Task brief: Return, from the material below, each line in which "view" occurs.

-- Opening Marker --

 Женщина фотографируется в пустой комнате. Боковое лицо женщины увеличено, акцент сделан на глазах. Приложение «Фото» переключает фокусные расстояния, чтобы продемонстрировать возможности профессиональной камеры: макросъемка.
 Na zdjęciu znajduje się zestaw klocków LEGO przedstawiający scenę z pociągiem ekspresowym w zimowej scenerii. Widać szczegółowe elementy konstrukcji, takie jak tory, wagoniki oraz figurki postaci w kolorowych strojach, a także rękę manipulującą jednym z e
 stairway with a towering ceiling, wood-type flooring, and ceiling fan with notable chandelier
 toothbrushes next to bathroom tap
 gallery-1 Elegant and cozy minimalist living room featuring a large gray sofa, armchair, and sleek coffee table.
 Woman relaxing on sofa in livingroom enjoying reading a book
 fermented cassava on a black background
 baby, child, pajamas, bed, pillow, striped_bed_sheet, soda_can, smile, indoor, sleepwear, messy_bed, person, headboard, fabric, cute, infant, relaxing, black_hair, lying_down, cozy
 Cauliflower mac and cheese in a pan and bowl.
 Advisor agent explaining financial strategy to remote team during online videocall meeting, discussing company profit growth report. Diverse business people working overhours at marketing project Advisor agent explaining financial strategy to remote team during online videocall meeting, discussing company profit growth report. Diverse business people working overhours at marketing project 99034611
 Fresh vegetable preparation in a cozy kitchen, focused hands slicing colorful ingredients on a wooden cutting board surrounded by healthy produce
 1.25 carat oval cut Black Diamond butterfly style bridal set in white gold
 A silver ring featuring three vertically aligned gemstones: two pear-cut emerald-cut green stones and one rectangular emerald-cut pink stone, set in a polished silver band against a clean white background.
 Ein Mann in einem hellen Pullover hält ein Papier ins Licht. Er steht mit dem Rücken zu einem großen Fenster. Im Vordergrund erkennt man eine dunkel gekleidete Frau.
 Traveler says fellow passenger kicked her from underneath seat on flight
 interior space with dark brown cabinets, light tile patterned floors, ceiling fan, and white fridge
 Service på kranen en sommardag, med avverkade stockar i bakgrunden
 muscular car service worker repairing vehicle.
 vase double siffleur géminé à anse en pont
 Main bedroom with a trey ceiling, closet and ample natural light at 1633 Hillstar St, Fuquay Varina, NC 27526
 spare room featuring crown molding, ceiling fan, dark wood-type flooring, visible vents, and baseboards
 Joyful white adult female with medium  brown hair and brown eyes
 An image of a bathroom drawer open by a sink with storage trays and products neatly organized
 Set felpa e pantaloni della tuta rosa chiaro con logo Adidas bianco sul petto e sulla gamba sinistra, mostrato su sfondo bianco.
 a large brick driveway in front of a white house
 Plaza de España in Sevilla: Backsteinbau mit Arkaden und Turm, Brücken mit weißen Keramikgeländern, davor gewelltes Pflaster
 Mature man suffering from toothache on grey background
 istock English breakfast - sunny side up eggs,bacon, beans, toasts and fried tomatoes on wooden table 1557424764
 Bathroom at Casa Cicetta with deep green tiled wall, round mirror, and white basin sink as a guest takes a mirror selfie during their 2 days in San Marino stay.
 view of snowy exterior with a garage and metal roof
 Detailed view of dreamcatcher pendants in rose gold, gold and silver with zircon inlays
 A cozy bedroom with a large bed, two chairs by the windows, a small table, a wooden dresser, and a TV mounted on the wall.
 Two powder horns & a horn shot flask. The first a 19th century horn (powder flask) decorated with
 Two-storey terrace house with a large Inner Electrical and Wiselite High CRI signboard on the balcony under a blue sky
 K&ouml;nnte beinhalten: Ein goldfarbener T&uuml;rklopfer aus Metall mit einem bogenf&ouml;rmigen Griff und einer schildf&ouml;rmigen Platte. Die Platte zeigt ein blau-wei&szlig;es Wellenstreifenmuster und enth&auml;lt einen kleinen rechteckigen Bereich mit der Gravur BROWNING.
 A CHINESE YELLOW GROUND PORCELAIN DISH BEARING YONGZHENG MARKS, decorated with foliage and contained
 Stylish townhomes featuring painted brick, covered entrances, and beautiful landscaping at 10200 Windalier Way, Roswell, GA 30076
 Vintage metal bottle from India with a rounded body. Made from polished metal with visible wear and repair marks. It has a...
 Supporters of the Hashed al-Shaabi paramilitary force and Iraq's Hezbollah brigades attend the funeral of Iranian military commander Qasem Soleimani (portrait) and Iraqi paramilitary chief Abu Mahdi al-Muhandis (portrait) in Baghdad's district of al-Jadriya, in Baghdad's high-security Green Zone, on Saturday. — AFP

-- Closing Marker --

Response to this task:
 view of snowy exterior with a garage and metal roof
 Detailed view of dreamcatcher pendants in rose gold, gold and silver with zircon inlays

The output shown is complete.